Emily: “My one and only interview was an MMI (Multiple Mini Interview). This interview format consists of 8-minute stations all containing different interviewers and situations. Essentially you are selling yourself to the interviewers, so know yourself and what accomplishments you are most proud of. Talk to doctors and people who work in the health care system so you can get a good idea of what doctors are currently facing and what they might have to deal with in the future.”
Ellen: “The different medical schools often have different interview formats. Some schools use the MMI format while others might have a panel interview. Some schools even do both. To prepare for my interviews I spent a long time thinking about my past experiences and how they have shaped me. I made lists of different qualities I think I have and tried to back up these characteristics with examples. I thought about why I wanted to study medicine and why I wanted to attend the school I was interviewing at.”
Bonus tip: Practice your techniques by participating in mock interviews. Your school may be able to organize them through the career centre, or you can practice with friends, family, professors, or even a pet!
The supplemental applications
Emily: “Supplemental sections were required for all of my applications. Not only do you need to think back to everything you have accomplished in the past 4 years, but you are also required to find a reference for every activity you list which can become a grueling task.”
Ellen: “I had to write a few supplemental essays. They weren’t too lengthy and were about my own experiences so it wasn’t too challenging but definitely required some thought.”
Bonus tip: Give yourself more time than you think you will need for supplemental applications. Filling out all that information can be time consuming!
Study tips for the MCAT (Medical College Admission Test)

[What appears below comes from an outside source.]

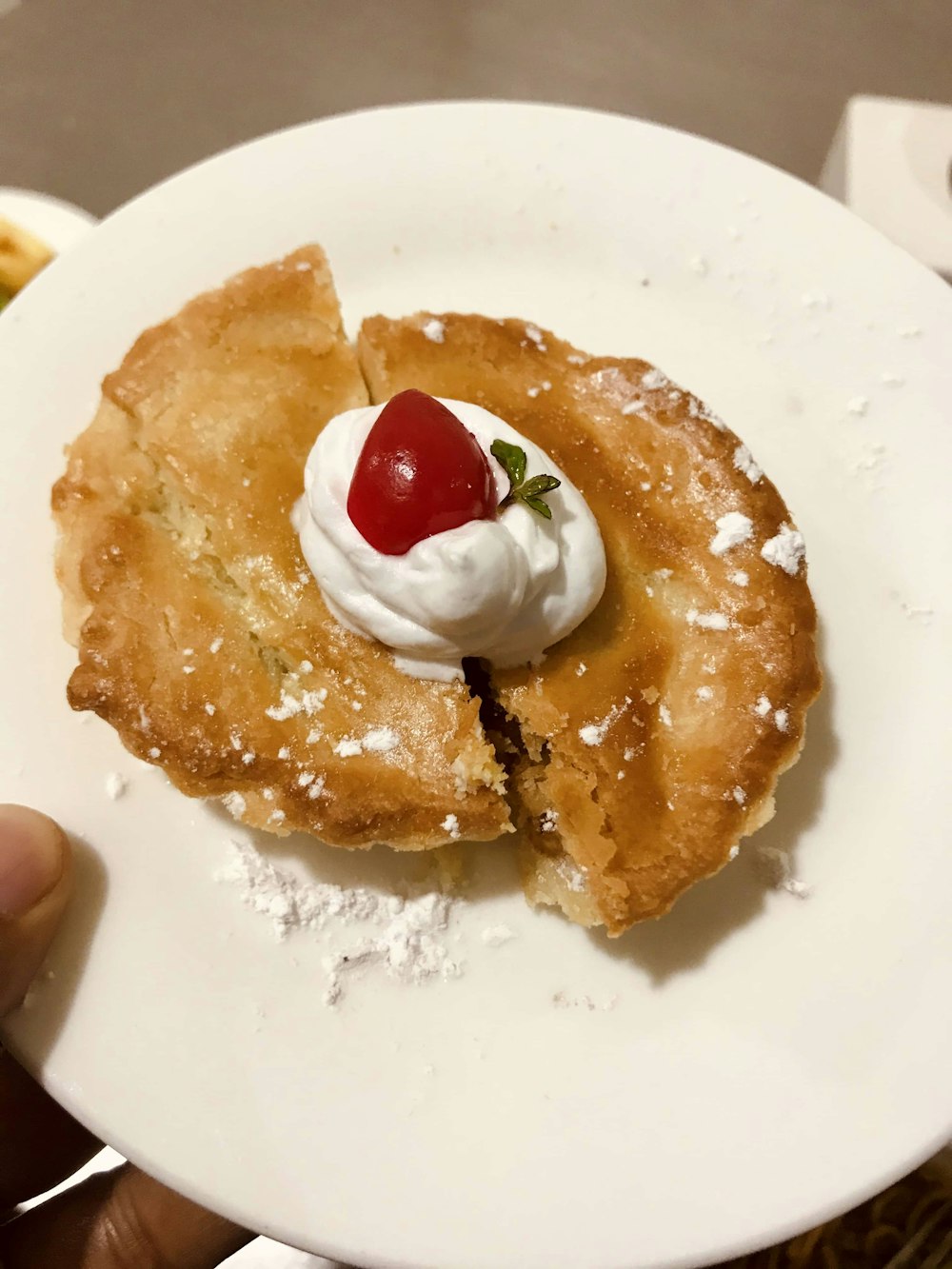 person holding white ceramic plate with brown pastry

Ellen: “I study best individually and in coffee shops so I bought one prep book and studied material out of the book at Starbucks! In general I found it helpful to review material I had already studied frequently and try to connect it to related topics. For example, if studying about the cardiovascular system and blood pressure I might take the chance to review some of the physics of fluids, Pascal’s law and the Continuity equation. Those kind of exercises might make the test feel more continuous rather than distinct subjects.”

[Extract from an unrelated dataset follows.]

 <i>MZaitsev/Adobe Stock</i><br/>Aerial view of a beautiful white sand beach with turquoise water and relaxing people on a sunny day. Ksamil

Emily: “Get your hands on as many practice tests as possible. The Association of American Medical Colleges (AAMC) releases old MCAT tests every year which I found very helpful because they contain actual questions used on past tests and are presented in a very similar computer-based test format. Timing is everything when it comes to the MCAT, and the more practice you get the better you will score.”
Bonus tip: Use study guides and prep courses, but remember to concentrate on the type of studying that works best for you. If you learn best in a group then why not get a study group together to review material once a week until the test? If you’re more of an individual learner then make sure you allot some time to go over things on your own!
The most challenging parts of the process – and how to overcome them
Ellen: “Preparing for the MCAT was really exhausting and challenging for me. I started studying pretty early for the test and gave myself at least three months to learn the material. I worked full-time while studying so I allotted a specific time every day which I would devote to studying. I tried to make it as “fun” and “easy” as possible by doing lots of review of material I was comfortable with and mixing it among the harder concepts. It really boosted my confidence.”
Emily: “Hands down, the essay was my most challenging step. Trying to demonstrate why I would be a good physician in 1500 words or less was a difficult process for someone like me who always has a little too much to say. To help me with the process, I brainstormed ideas with my family and friends, gave myself ample writing time so I could cut down my content through multiple drafts, and even had a friend read over my final version for further edits.”
Bonus tip: Reward yourself with some well-earned time off when your applications are done. You deserve it!